Could you restate the entries word for word, without the images?

Top of RECORDS PROVIDED

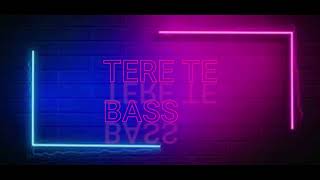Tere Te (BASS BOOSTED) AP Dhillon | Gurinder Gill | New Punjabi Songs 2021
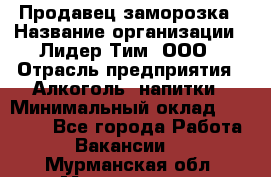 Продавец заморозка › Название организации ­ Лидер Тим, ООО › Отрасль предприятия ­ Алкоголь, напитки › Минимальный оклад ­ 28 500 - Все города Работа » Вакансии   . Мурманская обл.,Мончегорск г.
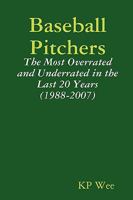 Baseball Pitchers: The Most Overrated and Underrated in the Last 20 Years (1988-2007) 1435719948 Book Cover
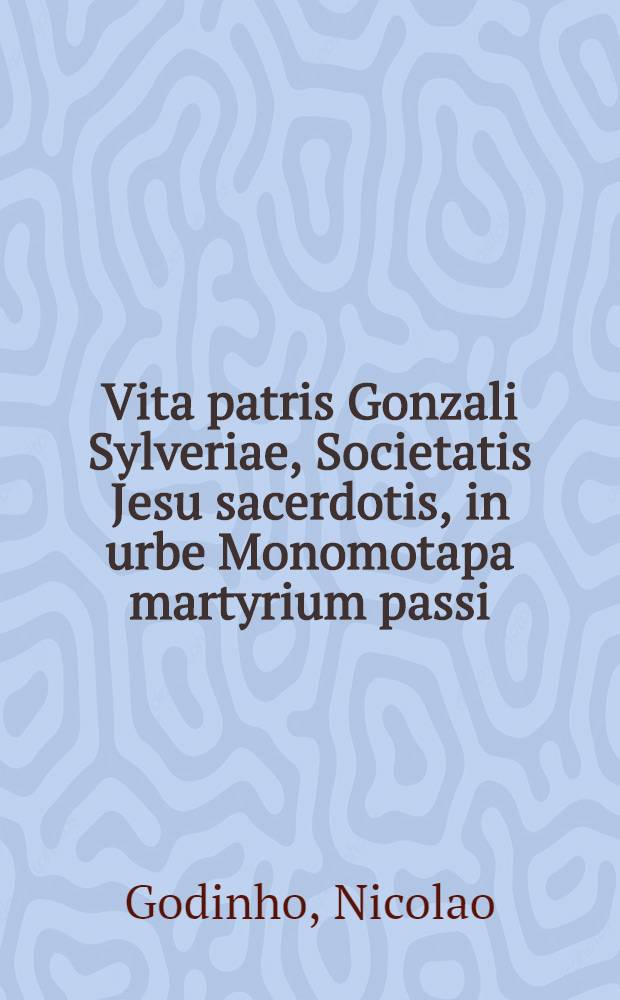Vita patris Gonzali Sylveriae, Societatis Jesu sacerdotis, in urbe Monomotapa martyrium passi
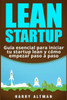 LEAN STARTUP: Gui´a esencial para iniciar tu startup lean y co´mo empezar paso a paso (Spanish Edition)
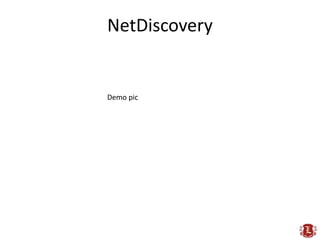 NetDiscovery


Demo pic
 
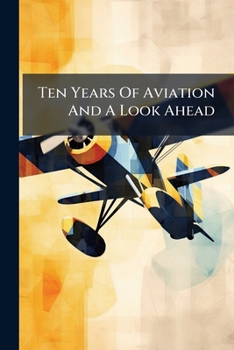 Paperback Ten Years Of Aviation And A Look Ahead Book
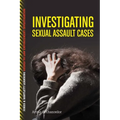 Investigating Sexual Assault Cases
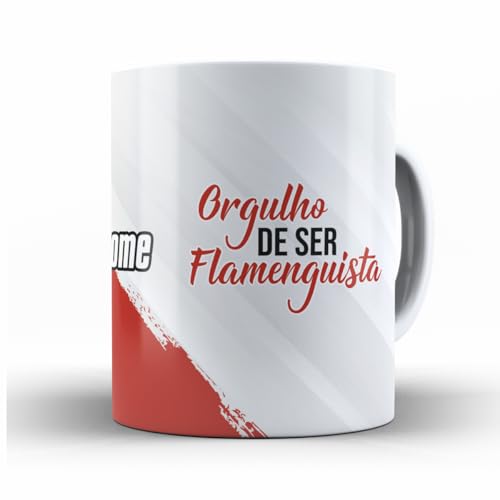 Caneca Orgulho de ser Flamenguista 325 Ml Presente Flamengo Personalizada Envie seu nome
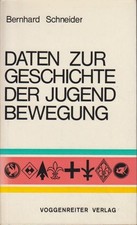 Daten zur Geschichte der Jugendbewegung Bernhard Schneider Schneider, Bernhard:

Bottom of RECORDS PROVIDED

[TASK RESPONSE]
Tere Te (BASS BOOSTED) AP Dhillon | Gurinder Gill | New Punjabi Songs 2021
 Продавец заморозка › Название организации ­ Лидер Тим, ООО › Отрасль предприятия ­ Алкоголь, напитки › Минимальный оклад ­ 28 500 - Все города Работа » Вакансии   . Мурманская обл.,Мончегорск г.
 Baseball Pitchers: The Most Overrated and Underrated in the Last 20 Years (1988-2007) 1435719948 Book Cover
Vita patris Gonzali Sylveriae, Societatis Jesu sacerdotis, in urbe Monomotapa martyrium passi
 LEAN STARTUP: Gui´a esencial para iniciar tu startup lean y co´mo empezar paso a paso (Spanish Edition)
 NetDiscovery


Demo pic
 
 Paperback Ten Years Of Aviation And A Look Ahead Book
 Investigating Sexual Assault Cases
 Caneca Orgulho de ser Flamenguista 325 Ml Presente Flamengo Personalizada Envie seu nome
 Daten zur Geschichte der Jugendbewegung Bernhard Schneider Schneider, Bernhard:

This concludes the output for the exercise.